And, look: this post is not intended to dissuade you from building something, especially if you’re having fun - we need games, too. It is simply intended to help guide anyone who is setting out to build a venture-scale project, because that’s where my experience comes from. 

If this post is too long, just scroll to the TL;DR summaries at the bottom of each section. I’ve included examples.

Let’s dig in.

1. How does web3 improve your solution? 

Early web3 pioneers, pictured with the new “faster horse” their customers requested.

Emphasis on “solution”, because your product solves a specific problem

Despite what you may read on twitter X, not everything needs to be onchain, today. Infrastructure is improving, there is broader adoption and liquidity of the base assets; both steadily pave the way for better consumer apps. But, web3 will still make many aspects of your product unnecessarily difficult for the average person, if it doesn’t make your product better

It’s hard enough to build a successful consumer product without adding transaction costs, hexadecimal addresses, gas currencies, wallet signing, pseudonymity, market volatility, self-custody, and app store restrictions. 

The smartest people in the world have made the internet progressively and continuously easier to use for the last three decades. The web is faster, cheaper, more stimulating and ubiquitous than ever. Payments in the US, and much of the world, are actually quite easy, and cheap.

Yet web3 culture has maintained an ongoing expectation that people will adopt an objectively more difficult experience, in exchange for what much of the public might consider philosophical improvements. We’ve seen over and over again that people like the ideas of privacy, decentralization, and self-custody… just not at the expense of speed, ease, or cost.

Building onchain today will most likely reduce your addressable market, add friction to your conversion funnel, and make it generally far more difficult for you to measure product/market fit.

This doesn’t mean it’s not worth it, but it does mean you need to think critically:

  • What aspect(s) of web3 makes your product an authentically superior solution? 

  • Why is this a necessary feature from the start?  

  • Will it make your product a better enough (10x) solution to justify switching costs? 

If you have a clear answer - you’re far ahead of many projects today. If you don’t have a concrete answer - you might need to reevaluate.

If your answer is: 

  • decentralization”, “self-custody”, “privacy” → you need strong validation your target customers really want, and are actually willing to pay for this.

  • mainstream adoption of web3”, or “access to startup capital” → these are not actually user problems.

Your goal has to be creating a better solution to a specific problem, for a specific set of people. “Mainstream adoption” of web3 will only be achieved through applications that authentically outcompete their web2 competitors. 

What types of applications can actually benefit from being onchain? A full blog post on this is coming soon™ - but I’ve included a quick example below.

TL;DR Part 1:

  • If you are building a crypto product for the “mainstream”, consider what benefits of being onchain will provide a strong enough advantage, to outweigh the added friction and complexity you’re likely adding to the experience.

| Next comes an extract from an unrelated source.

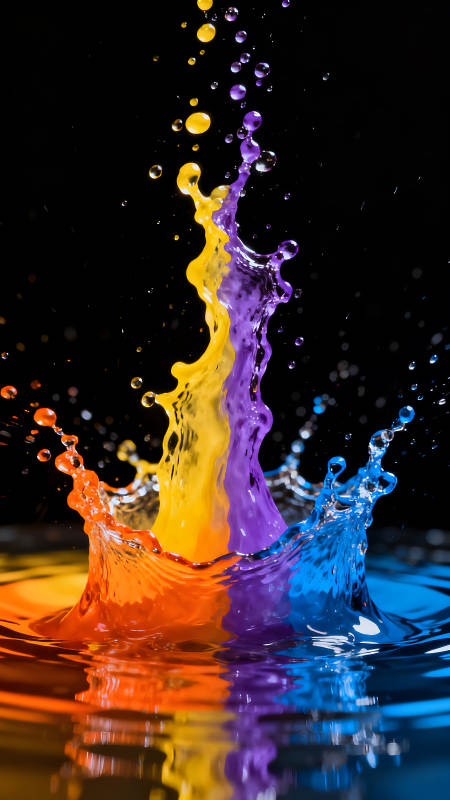 彩色水花绽放黑色背景图片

Who is doing this well today?*

Polymarket, the world’s largest prediction market, entered the mainstream as a key source of information during the recent US presidential election.

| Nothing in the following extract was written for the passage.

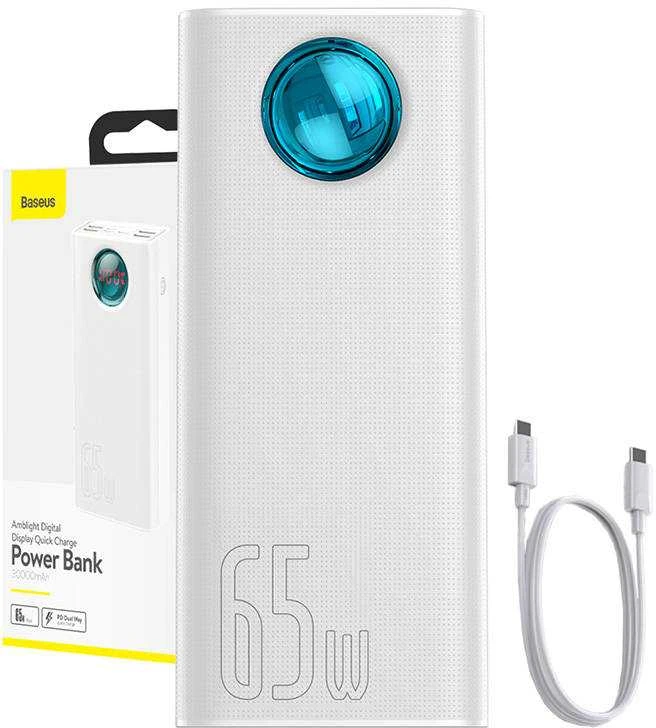 Powerbank Baseus Amblight 30000mAh 4xUSB USB-C 65W - baltas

In an already compliance-heavy industry, prediction markets have uniquely complicated and opaque regulatory requirements that vary by geography. This makes licensing and compliance slow, and cost-prohibitively expensive for all but the most highly-funded projects.

However, as a decentralized trading protocol, Polymarket never holds user funds - they simply provide software people can use to trade directly with one another. This makes their markets far more difficult to freeze or shut down, and has allowed them to move significantly faster than centralized competitors like Kalshi.

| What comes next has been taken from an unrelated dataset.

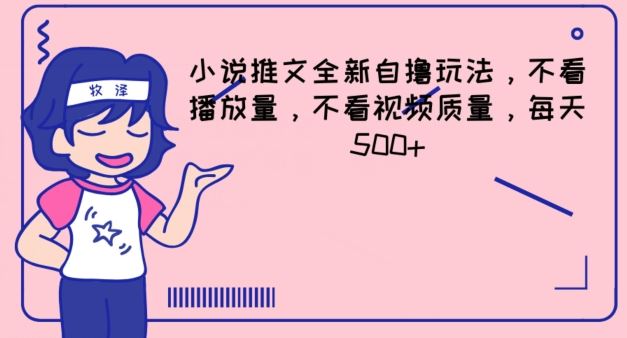 小说推文全新自撸玩法，不看播放量，不看视频质量，每天500+【揭秘】-庄子聊项目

This is not a coincidence. Removing third parties, specifically due to the high cost of mediating transactions, is precisely why Satoshi created Bitcoin. This is literally the first paragraph in the white paper.

*Unfortunately, Polymarket founder Shayne Coplan was raided by the FBI last week. However, true to the statements above, Polymarket is still up and live.

2. How experienced is your target audience?

Veteran and new web3 explorers in the average discord. Everybody say GM!

More accurately, how “crypto-initiated” is your target audience? 

This should impact every other aspect of your product, GTM, and brand strategy. You can always expand… you must start narrow.

Many consumer apps end up spending a massive amount of time and resources on educational materials to help people feel safe, motivated, and knowledgeable enough to actually use their product. Newsletters, push notifications, podcasts, social content, videos… you name it.  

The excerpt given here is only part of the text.